We demonstrate that engineering E. coli by introduction of the oxidoreductase glycerol dehydrogenase via gene manipulation can greatly improve the mediator production and power generation. We can show an extreme increase in the NADH concentration. This leads to 40 % enhanced average electric power in our Microbial Fuel Cell. The overexpression of the glycerol dehydrogenase from Escherichia coli is a great genetic optimization for electron shuttle-mediated extracellular electron transfer from bacteria to electrodes.


Riboflavin possesses the ability to be a potent redox mediator. By turning the rib-gene cluster from Shewanella oneidensis into a BioBrick and subsequently cloning it into the desired chassis Escherichia coli, the iGEM Team Bielefeld was able to significantly raise the amount of riboflavin produced by E. coli. This means that the transformation of E. coli with BBa_K1172303 and BBa_K1172306, respectively, represents a viable option when considering genetic optimization of microorganisms intended for usage in Microbial Fuel Cells (MFC).


There are no practical results in this section. The project was left aside after unsuccessful attempts to amplify the phenazine-coding fragment from Pseudomonas fluorescens sp.


We heterologously expressed the porin protein OprF from Pseudomonas fluorescens in Escherichia coli. This leads to dramatically increased membrane permeability and a much higher current output in comparison to its parental strain (E. coli KRX) caused by improved electron shuttle-mediated extracellular electron transfer. This is a great genetic strategy to improve electricity generation by microorganisms.
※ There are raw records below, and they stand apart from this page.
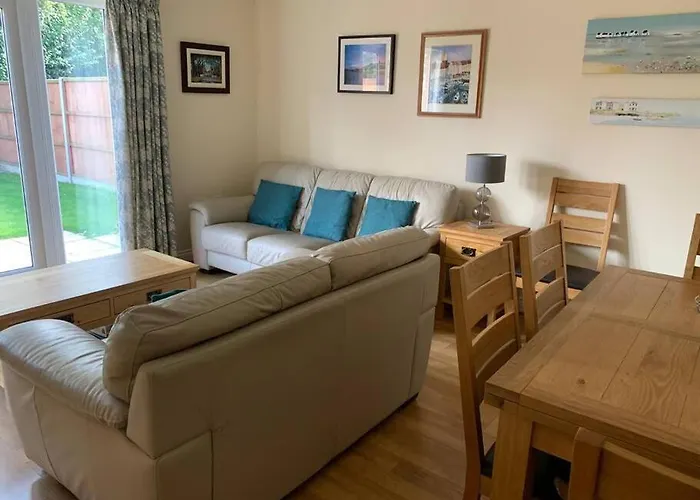 Cheerful 3 Bedroom Home Close To Beach And High St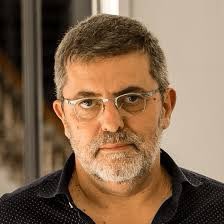 Una pérdida irreparable para la comunicación en nuestro idioma, y para el ámbito digital en el que fue pionero universal. Un fuerte abrazo para la familia de Mario Tascón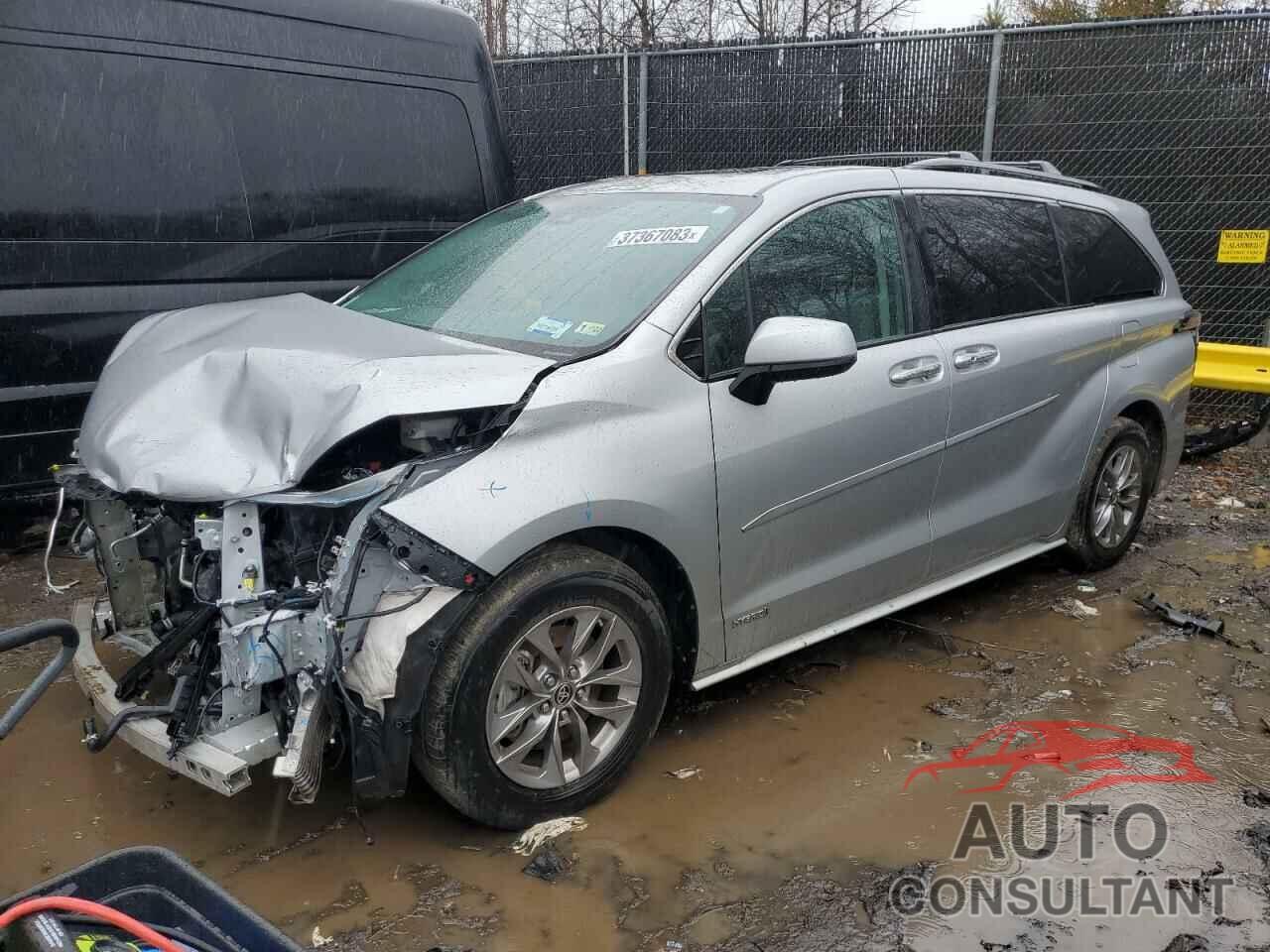 TOYOTA SIENNA 2021 - 5TDJRKEC0MS013889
We isolated the mtrCAB gene cluster from Shewanella oneidensis MR-1 and cloned it into the backbone pSB1C3, generating the BioBrick K1172401. This gene cluster was combined with three promoters and ribosome binding sites of varying strength, thus engineering the devices K1172403, K1172404, K1172405. We transformed these devices into our host organism Escherichia coli, but could not verify correct expression and localization.


After the successful amplification of the corresponding Geobacter sulfurreducens gene clusters, the transformation of these DNA sequences into the BioBrick form via Gibson Assembly led to substantial problems. Because of this and additional issues, the nanowire project was stopped until further notice to concentrate on the other projects.


For further real world applications of the Microbial Fuel Cell outside the laboratory, we designed three novel Biosafety-Systems called araCtive, TetOR alive and Lac of Growth. These Biosafety-Systems are characterized by a higher plasmid stability and a double-kill switch mechanism, providing a higher resistance towards undesirable mutations. All three Biosafety-Systems were analyzed and compared with each other, resulting in three functional Biosafety-Systems, that differ in leakiness of the toxic gene product and can therefore be used for any desirable application.